05 May 2011

Sometimes It's Not The Database

The other day for Meme Monday I put together a list of 9 Things That Go Wrong With SQL Server That Aren't The Disk.  That got me to thinking about the old "It's the database" stand-by for when The Application isn't working right.  Many of us have been there... The Application is acting up, and the knee-jerk response by the development or support team is, "it's the database"
The Database... Seriously?

The frustrating thing with this is when the problem is found to lie in The Application or in the computing infrastructure, as it often is, but all the business stakeholders remember hearing was "it's the database."

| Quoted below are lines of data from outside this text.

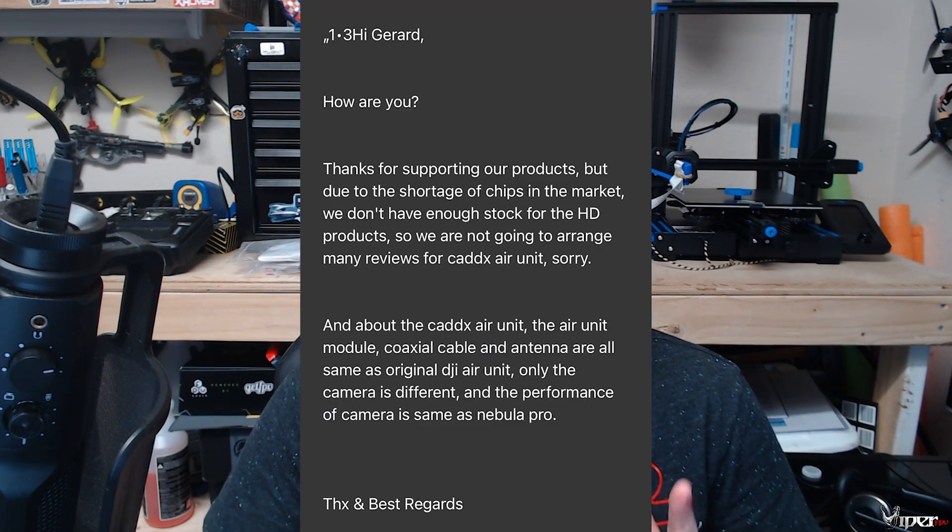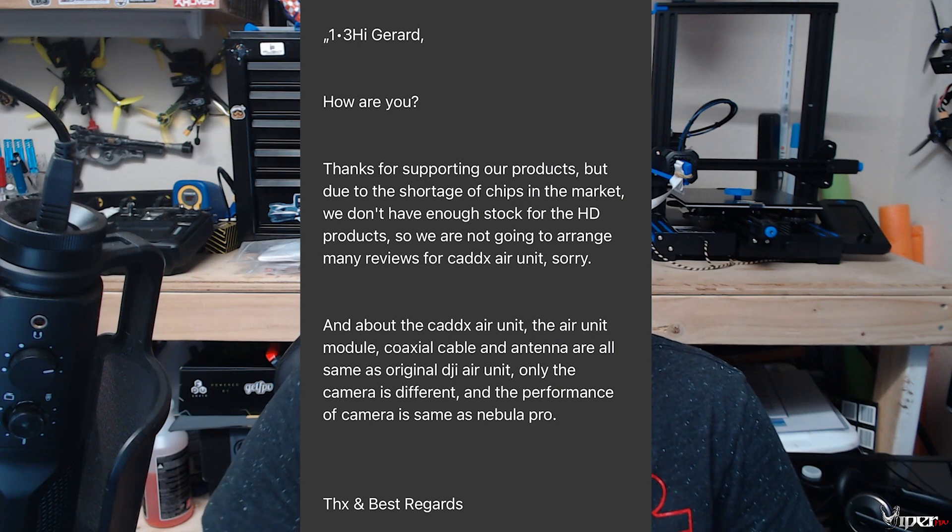I actually reached out to Caddx themselves to see if I could get a review sample for the channel. What they pretty much told me is that it is exactly the same as a DJI air unit — the only thing that's really changed is the camera, which should be on par with their Vista Pro version. We really won't know the exact difference until direct comparisons are made, but from Caddx themselves they said it should be exactly the same. From what I've heard, Caddx pretty much just took over the production of it and added their own camera to it.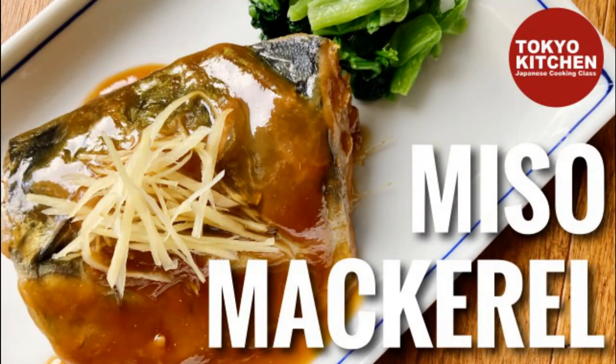Hi everyone! Welcome to Tokyo Kitchen Japanese cooking class. I'm Yoshimi. Today I'm going to show you how to make Saba Miso. Saba Miso is mackerel cooked in sweet salty miso glaze. It's one of the most classic ways of cooking mackerel here in Japan. So if you want to transport your dining table to Japan with some seafood dish, try this one.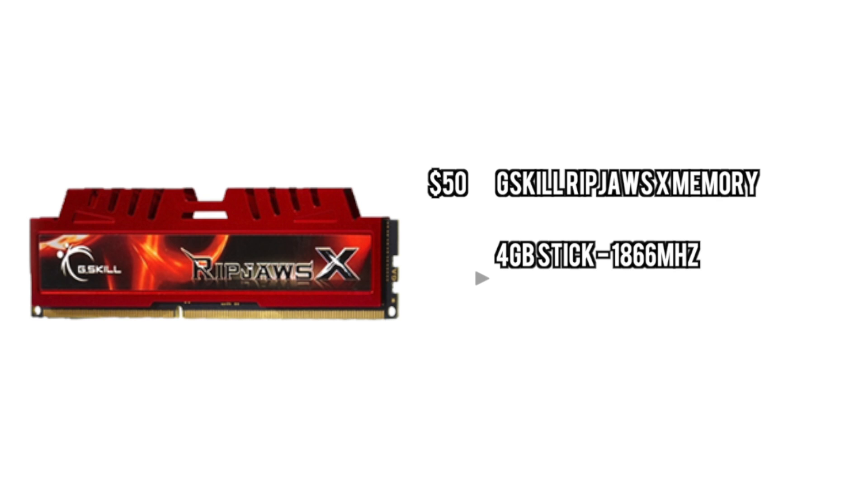For the RAM, we're going to go with G.Skill Ripjaws. We're only going with one 4GB stick, but it's high speed memory and it's also available to upgrade down the road. This is enough for running Surround or Eyefinity or whatever you're going to be running.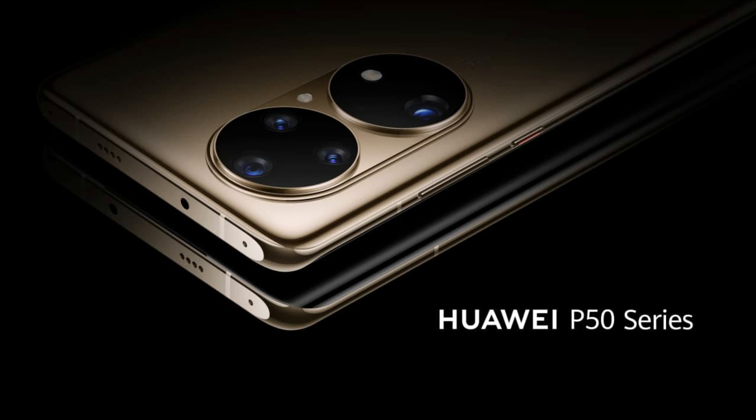Coming to the rear side, the Huawei P50 Pro has a premium finishing in a shiny gold color scheme that looks very beautiful. Also, the back panel has curved edges on all four sides.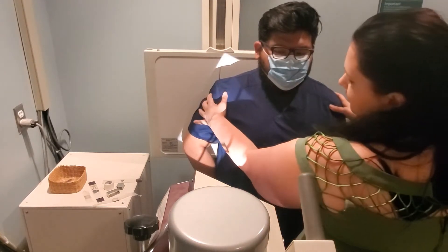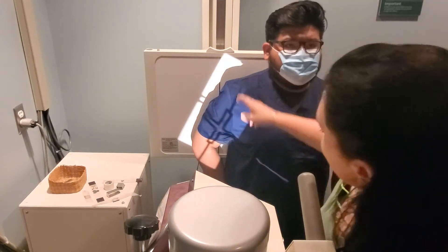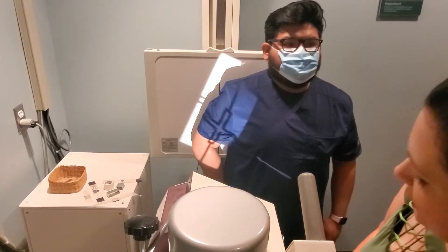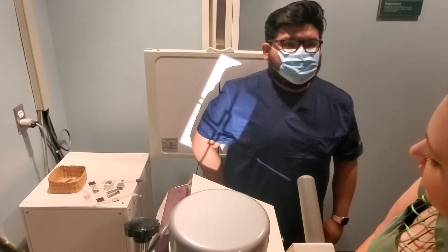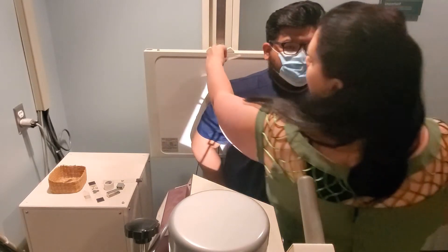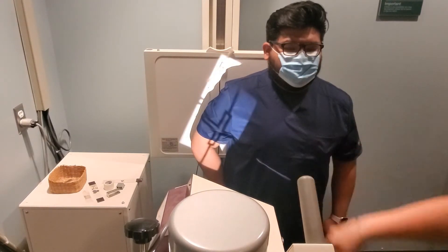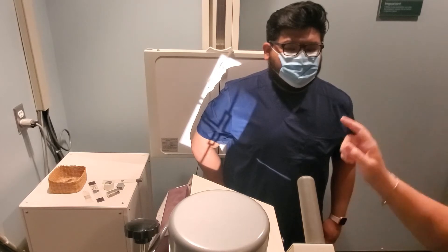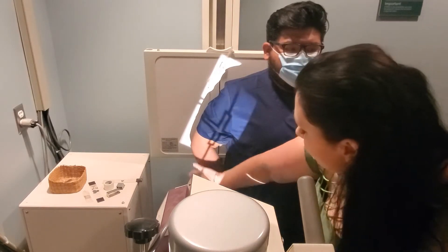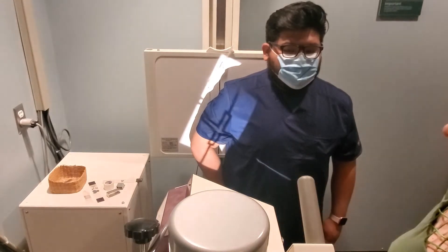Shift the patient slightly to compensate for the arm shifting. Make sure you're through the elbow joint and through the humeral head, and adjust your collimation as needed. Place your right marker in the collimated field so it shows up on the cassette — about a half inch on either side of soft tissue, and an inch and a half to two inches past the humeral head and elbow joint. Expose at 75 kVp, 12 mAs.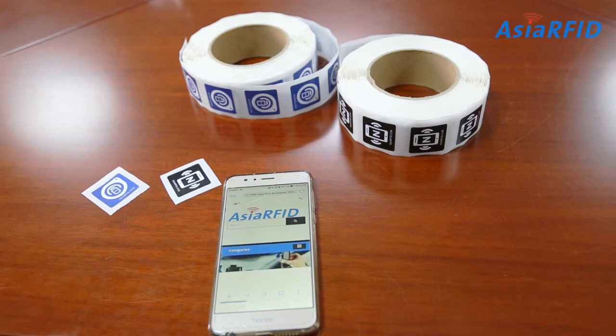Hi everybody, today we are going to share how to copy, erase and lock NFC tags by cell phone. Firstly, let's see how to copy NFC tags.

Then there are the few cases when it's true... a broken clock is right twice a day, after all.  This happens just often enough that the other support and infrastructure teams sometimes actively refuse to do any troubleshooting unless, and until, the DBA can prove that the problem lies with a non-database component.  Cross-discipline troubleshooting/resolution team?  Not when it's obviously the database

I was at a shop that recently had some recurring database connectivity issues with helpful error messages like "SQL Server Does Not Exist Or Access Denied", "Timeout Expired" and "General Network Error."  Now, you know where the finger points when the words "SQL Server" appear in an error message.

So the database team dutifully combed event logs, performance monitor and server side trace data, and was able to demonstrate pretty conclusively that nothing was wrong with the database or the server it was on.  Till the next time The Application got busy and started throwing errors, when they had to do it all over again.

What it ultimately came down to was the owners of The Application server had turned off connection pooling while troubleshooting an installation issue weeks earlier.  It turns out that, by default, Windows only allows 4000 sockets (ports) per destination IP address.  With the amount of database server traffic generated by the application server -- it had recently been "consolidated" -- they were able to hit that threshold pretty reliably.

Microsoft has a KB article on considerations for servers with connection pooling disabled that describes this nicely:
If you rapidly open and close 4000 sockets in less than 4 minutes, you will reach the default maximum setting for client anonymous ports, and new socket connection attempts fail until the existing set of TIME_WAIT sockets times out.
After weeks of recurring connection errors with the word "SQL Server" in them, the connection pooling issue was quietly fixed by upping the socket limit to some random number like 65535 :) and The Application performance returned to normal.  I'm sure you can guess the words that were never spoken to the business stakeholders... "It's Not The Database."

02 May 2011

Meme Monday: It's not the disk!

Thomas LaRock, aka @SQLRockstar (not THAT rock-star), has a fun way to get the blog month started: Meme Monday.  This month, it's just a list of 9 things we frequently see go wrong with a database server that are NOT related to disk issues.

In no particular order...

9. Good old boys
8. "It's just like a spreadsheet" database design
7. Out of date statistics 
6. Improperly partitioned tables (see 7 above)
5. Good old boys
4. Microsoft patches
3. Vendor software
2. Internally developed software
1. Good old boys

I couldn't believe the number of disk related problems that kept coming to mind while putting this nod-disk related list together - especially when considering the SAN as a black-box hard disk.

You may have noticed that Good old boys made the list slightly more than once.  Unfortunately, that is based on years of direct observation.  I'm even going to manufacture a statistic to support its frequency in the list:

Nearly 60% of production database outages are, directly or indirectly, caused by the incompetence fostered by Good old boy cronyism...  and that's NOT the disk.